Dear Neighbor/1st Ward Resident:
I am writing in hope that you can be present at a public hearing on *August 8th @ 10am concerning 134/136 Warren Street.
This property is already zoned commercial, the only thing in question is whether to allow the alteration to the structure to allow the proposed storefront design.
The structure has been altered several times since it was built in 1820, in 1860 the Mansard roof was added and 2 over 2 windows & portico, later a storefront was added on the 136 side and that storefront has been altered several times over the years.
The structure is need of repair / and the tenants rented to have been problematic over the years, the property owner has finally decided to step and repair/update/upgrade the structure. Part of that plan was to add a storefront to help offset the cost of the restoration/renovation.
I realize the Historic Preservation Commissions mission is to decide what structures should remain "intact" as they are, however I do not believe that this structure is of such "Historical Importance" given that it has already been compromised/altered over the years.
As our city grows, how do we balance economic growth with preservation? I think I designed a compromise with respect to existing architecture while allowing the property owner to offset cost by potential storefront and support economic growth of the city.
The proposed Storefront is sympathetic to the style of the structure and what 1860 Storefronts would appear, with setback entrance and flanking windows.
I hope that you can attend and let your voice be heard, whether for or against, but I would ask you to consider how do we grow as a city, create and foster a "thriving community" while respecting our architectural heritage?In a city like Hudson, where the architecture is remarkable for its palimpsest quality, making decisions about appropriateness is a difficult and delicate thing--much more so than many people who have served and who currently serve on the HPC appreciate. Tom Swope, who chaired the HPC from 2008 until the beginning of 2012, once said, matter-of-factly, that it was always appropriate to return a building to its earliest configuration--even when there is no pictorial documentation and the original configuration could only be deduced. A consequence of such an attitude is usually the elimination of elements that are themselves historic, having been part of the building for more than a century.
Similar to the attitude that condones stripping away historic fabric to return a building to its original design is the opinion that once a building has been altered, it no longer has "historic importance," and there should be no impediments to further alteration. That sets the bar for historic preservation impossibly high. By this argument, only buildings that have survived through time meticulously preserved and unaltered deserve the protection of historic preservation. Few buildings in Hudson--indeed, few buildings in the United States--meet that criteria.

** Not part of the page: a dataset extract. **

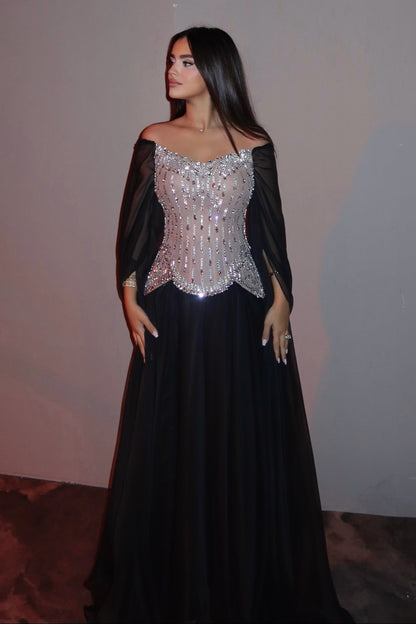Embellished Corset Evening Gown with Cape Sleeves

The question of whether 134-136 Warren Street is or is not of historic significance, however, is really not open for discussion--at least not as far as the law and the Historic Preservation Commission are concerned. In April 2006, the Common Council passed a resolution creating the Warren Street Historic District, and 134-136 Warren Street is a contributing structure in that district. Prior to that, in 1985, the Hudson Historic District was listed in the National Register of Historic Places, and 134-136 Warren Street is a contributing structure in that district as well. As a contributing structure in a historic district at the local, state, and national levels, 134-136 Warren Street has the protection of the Historic Preservation Commission from inappropriate development.